I’ve given up on changes.
While getting Capital One to report the credit limits was a huge personal victory, we have since had many court rulings in favor of the credit bureaus and they are essentially not liable for any damages in most cases of incorrect credit reporting.
MyFICO doesn’t care that I DOCUMENTED bugs in their formula:
MILLIONS of consumers had their Equifax FICO scores destroyed due to late payments that ONLY existed due to a bug in the FICO scoring formula.
The corrupt judges in most courts certainly don’t care — just like judge Neil V. Wake in AZ federal court didn’t think that Capital One needed to report the credit limits.
Most legislators are corrupt and/or ignorant.
I did all I could do, publishing, litigating and filing complaints with regulators since 1994.

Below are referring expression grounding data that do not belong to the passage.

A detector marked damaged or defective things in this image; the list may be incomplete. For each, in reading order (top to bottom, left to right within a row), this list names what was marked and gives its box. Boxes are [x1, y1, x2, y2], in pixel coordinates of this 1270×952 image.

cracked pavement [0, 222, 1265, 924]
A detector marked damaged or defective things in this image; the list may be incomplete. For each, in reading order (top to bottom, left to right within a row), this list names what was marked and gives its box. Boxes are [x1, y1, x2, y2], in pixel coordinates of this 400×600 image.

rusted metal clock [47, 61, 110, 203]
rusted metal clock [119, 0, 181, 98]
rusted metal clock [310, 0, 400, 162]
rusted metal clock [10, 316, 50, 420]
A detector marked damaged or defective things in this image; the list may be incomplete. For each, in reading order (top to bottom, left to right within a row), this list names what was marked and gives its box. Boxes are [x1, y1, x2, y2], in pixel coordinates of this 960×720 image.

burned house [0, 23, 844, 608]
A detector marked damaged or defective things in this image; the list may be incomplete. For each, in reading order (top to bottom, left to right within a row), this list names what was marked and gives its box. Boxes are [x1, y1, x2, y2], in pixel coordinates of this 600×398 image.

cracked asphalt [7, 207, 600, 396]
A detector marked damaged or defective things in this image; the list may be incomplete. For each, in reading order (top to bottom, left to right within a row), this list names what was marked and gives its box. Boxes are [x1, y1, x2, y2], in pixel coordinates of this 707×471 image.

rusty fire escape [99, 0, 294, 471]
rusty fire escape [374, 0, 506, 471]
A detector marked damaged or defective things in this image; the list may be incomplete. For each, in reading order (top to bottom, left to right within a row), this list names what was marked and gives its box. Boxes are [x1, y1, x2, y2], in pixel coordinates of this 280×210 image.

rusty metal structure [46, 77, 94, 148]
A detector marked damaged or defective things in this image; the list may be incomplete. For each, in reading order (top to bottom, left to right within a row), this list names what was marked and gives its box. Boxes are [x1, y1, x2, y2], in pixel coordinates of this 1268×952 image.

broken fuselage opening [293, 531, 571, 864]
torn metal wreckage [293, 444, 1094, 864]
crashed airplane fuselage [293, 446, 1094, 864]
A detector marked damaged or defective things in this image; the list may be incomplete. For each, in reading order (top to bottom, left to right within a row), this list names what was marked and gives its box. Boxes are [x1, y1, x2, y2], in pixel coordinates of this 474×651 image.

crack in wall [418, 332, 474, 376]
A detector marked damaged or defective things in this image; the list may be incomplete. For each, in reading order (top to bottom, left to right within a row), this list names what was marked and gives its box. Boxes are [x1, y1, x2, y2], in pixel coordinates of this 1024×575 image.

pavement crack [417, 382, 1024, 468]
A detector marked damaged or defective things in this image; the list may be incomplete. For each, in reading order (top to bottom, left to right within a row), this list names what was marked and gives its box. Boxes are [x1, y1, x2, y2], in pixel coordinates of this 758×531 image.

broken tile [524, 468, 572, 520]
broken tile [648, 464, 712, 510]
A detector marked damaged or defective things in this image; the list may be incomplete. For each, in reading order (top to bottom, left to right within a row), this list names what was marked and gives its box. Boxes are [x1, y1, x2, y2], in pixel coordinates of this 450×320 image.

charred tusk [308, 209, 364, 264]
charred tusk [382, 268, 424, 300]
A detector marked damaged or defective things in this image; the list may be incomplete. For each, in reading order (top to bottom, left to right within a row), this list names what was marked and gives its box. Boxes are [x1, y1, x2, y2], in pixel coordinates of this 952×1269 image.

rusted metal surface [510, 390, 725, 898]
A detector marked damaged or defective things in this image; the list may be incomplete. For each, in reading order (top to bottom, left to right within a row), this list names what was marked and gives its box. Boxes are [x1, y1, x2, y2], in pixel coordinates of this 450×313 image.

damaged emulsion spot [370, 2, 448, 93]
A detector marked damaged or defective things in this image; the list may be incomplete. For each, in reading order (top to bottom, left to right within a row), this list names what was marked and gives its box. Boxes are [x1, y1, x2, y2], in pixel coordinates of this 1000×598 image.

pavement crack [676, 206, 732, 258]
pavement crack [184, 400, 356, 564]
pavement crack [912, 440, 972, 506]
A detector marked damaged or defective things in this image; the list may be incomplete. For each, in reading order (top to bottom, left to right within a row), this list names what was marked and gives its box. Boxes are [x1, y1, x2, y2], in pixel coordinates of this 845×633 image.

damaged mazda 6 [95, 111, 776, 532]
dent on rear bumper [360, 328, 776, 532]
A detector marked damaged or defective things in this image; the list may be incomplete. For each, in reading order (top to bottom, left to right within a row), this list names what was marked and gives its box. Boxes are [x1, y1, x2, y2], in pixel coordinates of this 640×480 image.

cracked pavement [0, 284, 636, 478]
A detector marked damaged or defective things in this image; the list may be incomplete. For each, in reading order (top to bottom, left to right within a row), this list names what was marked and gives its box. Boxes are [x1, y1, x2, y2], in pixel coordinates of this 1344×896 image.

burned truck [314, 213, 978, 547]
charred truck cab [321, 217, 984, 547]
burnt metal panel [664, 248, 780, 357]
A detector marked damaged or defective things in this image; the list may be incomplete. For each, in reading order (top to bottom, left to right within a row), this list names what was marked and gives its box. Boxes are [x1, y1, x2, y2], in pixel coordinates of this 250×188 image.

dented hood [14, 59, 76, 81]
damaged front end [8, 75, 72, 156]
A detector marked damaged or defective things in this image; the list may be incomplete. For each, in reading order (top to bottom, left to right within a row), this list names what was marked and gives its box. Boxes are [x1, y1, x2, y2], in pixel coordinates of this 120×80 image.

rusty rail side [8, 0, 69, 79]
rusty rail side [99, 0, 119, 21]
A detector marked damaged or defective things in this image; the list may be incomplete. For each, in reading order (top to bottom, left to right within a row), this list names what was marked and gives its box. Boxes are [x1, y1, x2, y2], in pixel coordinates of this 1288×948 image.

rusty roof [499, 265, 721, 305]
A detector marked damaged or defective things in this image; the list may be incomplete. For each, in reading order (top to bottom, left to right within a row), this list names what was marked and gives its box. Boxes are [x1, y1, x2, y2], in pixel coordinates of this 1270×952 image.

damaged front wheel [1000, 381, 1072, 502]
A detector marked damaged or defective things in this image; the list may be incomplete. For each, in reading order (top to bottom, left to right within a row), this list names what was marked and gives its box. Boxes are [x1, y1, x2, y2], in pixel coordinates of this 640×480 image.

I planned on writing a book about my experiences in winter 2008 — not about credit repair, but about the corruption of the American corporations, media, legislators, lawyers, courts, judges, FAKE consumer organizations and the American people.
However, I had NO time.
And I finally realized that the banks CREATE the money they lend to us out of thin air and we actually owe NOTHING until WE can create the money we borrowed plus the interest out of thin air — just like the banks.
I always knew that corruption was rampant in America, but this was really hard for me to grasp.
WHY are we all slaves to the bankers?
If you don’t know what I’m talking about, you MUST watch the free 3.5 hr documentary The Money Masters
After the housing collapse many lenders realized that FICO scores are NOT predictive of defaults.
Everybody in the business knows that FICO scores are often artificially high or low and are easily manipulated.
Anyone with the cash or credit for multiple reports and my services, to settle accounts and for lawyers to SUE creditors, collectors and credit bureaus can have great FICO scores.
Since it is pointless to work on changes to the credit system, I decided to spend a lot more time on permaculture, growing food and encouraging others to grow HEALTHY organic and NOT genetically modified food:
Even with perfect credit we won’t get very old eating the foods at the supermarkets.
I realize that many people still NEED credit and I will continue to assist my clients and to document the many systemic problems with credit scoring and reporting. However, I hope to inspire many to take a step back and to realize the extent of the corruption and to consider the BIG picture.
Money is important and so is credit, but there’s a LOT more to life.